Would you write out every entry exactly, but without the pictures?

Short web captions
^^^^^^^^^^^^^^^^
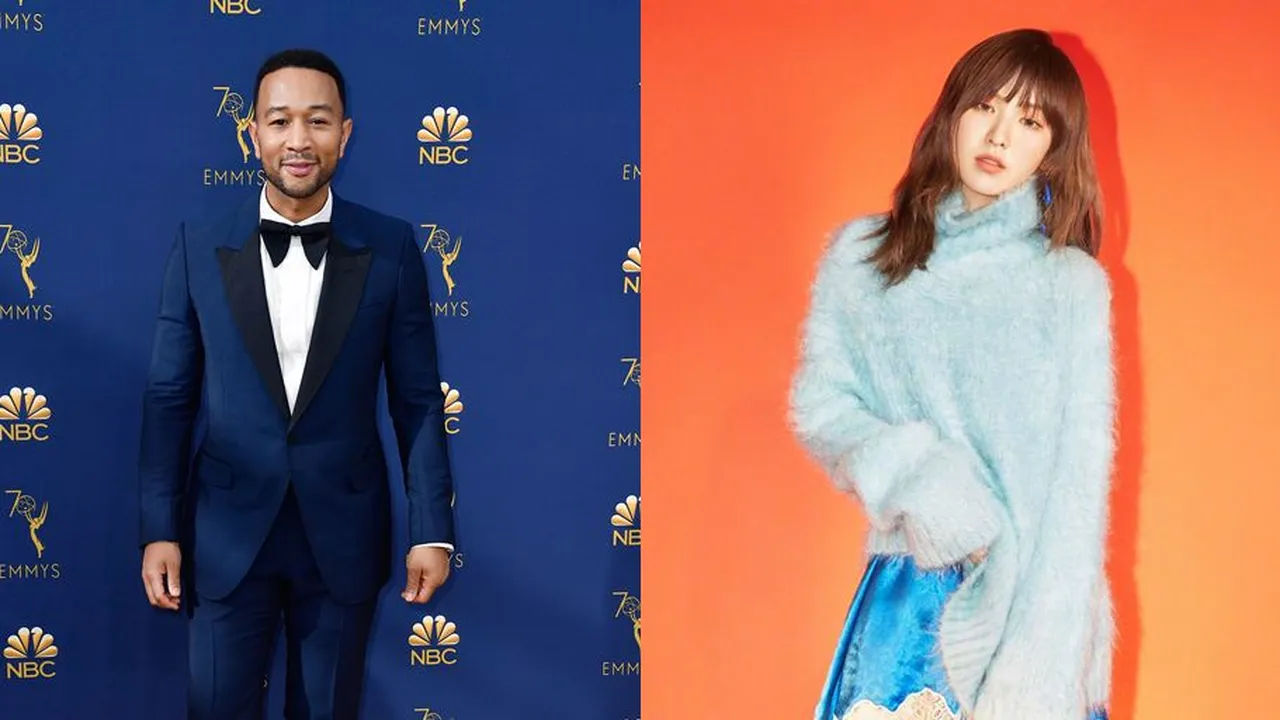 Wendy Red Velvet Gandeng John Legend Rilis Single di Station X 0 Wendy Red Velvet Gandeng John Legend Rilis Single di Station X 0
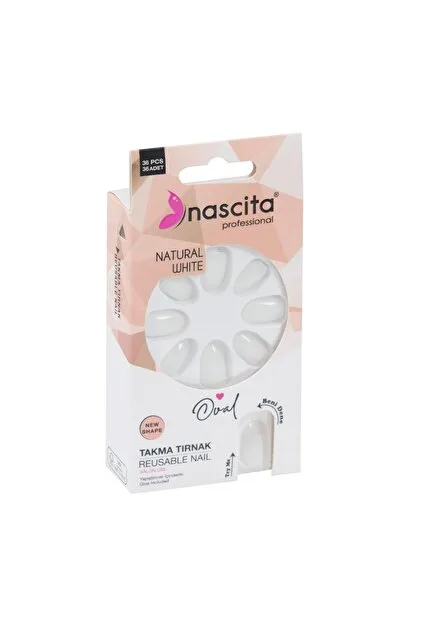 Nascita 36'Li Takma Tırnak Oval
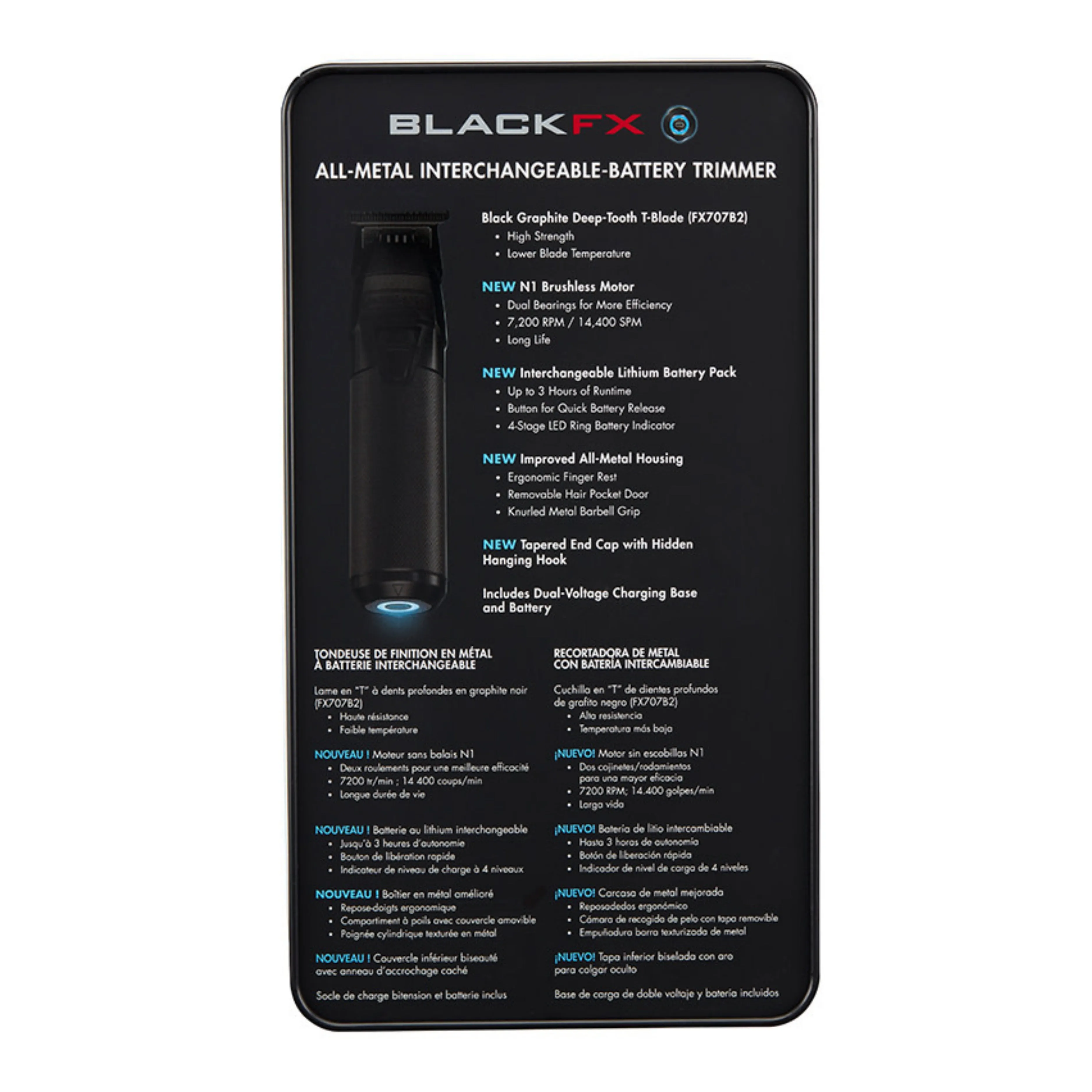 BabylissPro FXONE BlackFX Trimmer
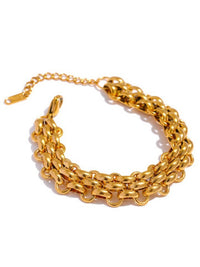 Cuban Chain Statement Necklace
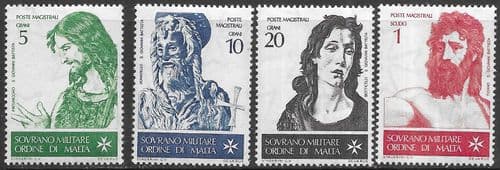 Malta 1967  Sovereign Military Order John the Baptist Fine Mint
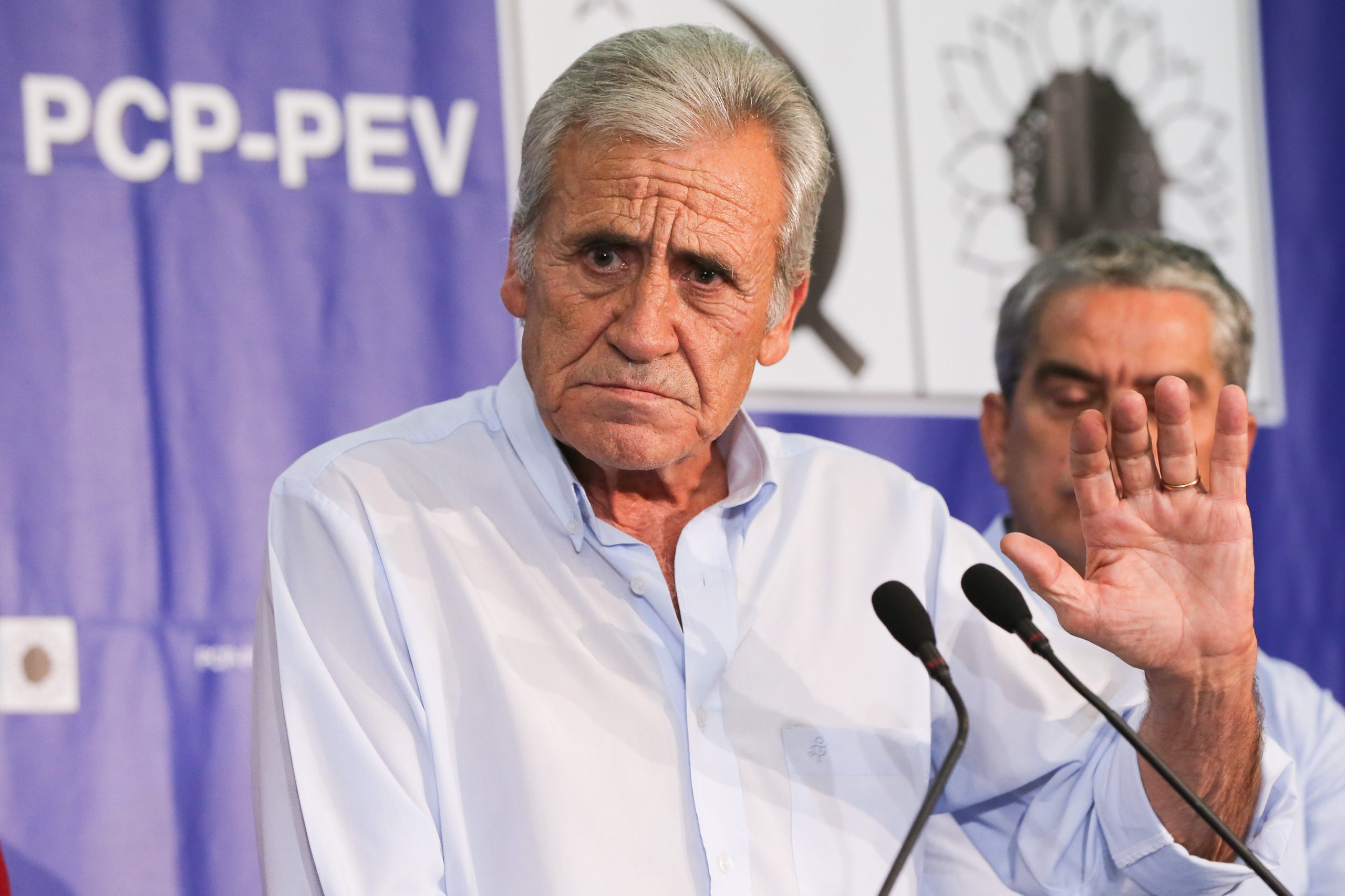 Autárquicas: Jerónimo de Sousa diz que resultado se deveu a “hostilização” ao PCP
^^^^^^^^^^^^^^^^
**Output for this exercise**
 Wendy Red Velvet Gandeng John Legend Rilis Single di Station X 0 Wendy Red Velvet Gandeng John Legend Rilis Single di Station X 0
 Nascita 36'Li Takma Tırnak Oval
 BabylissPro FXONE BlackFX Trimmer
 Cuban Chain Statement Necklace
 Malta 1967  Sovereign Military Order John the Baptist Fine Mint
 Autárquicas: Jerónimo de Sousa diz que resultado se deveu a “hostilização” ao PCP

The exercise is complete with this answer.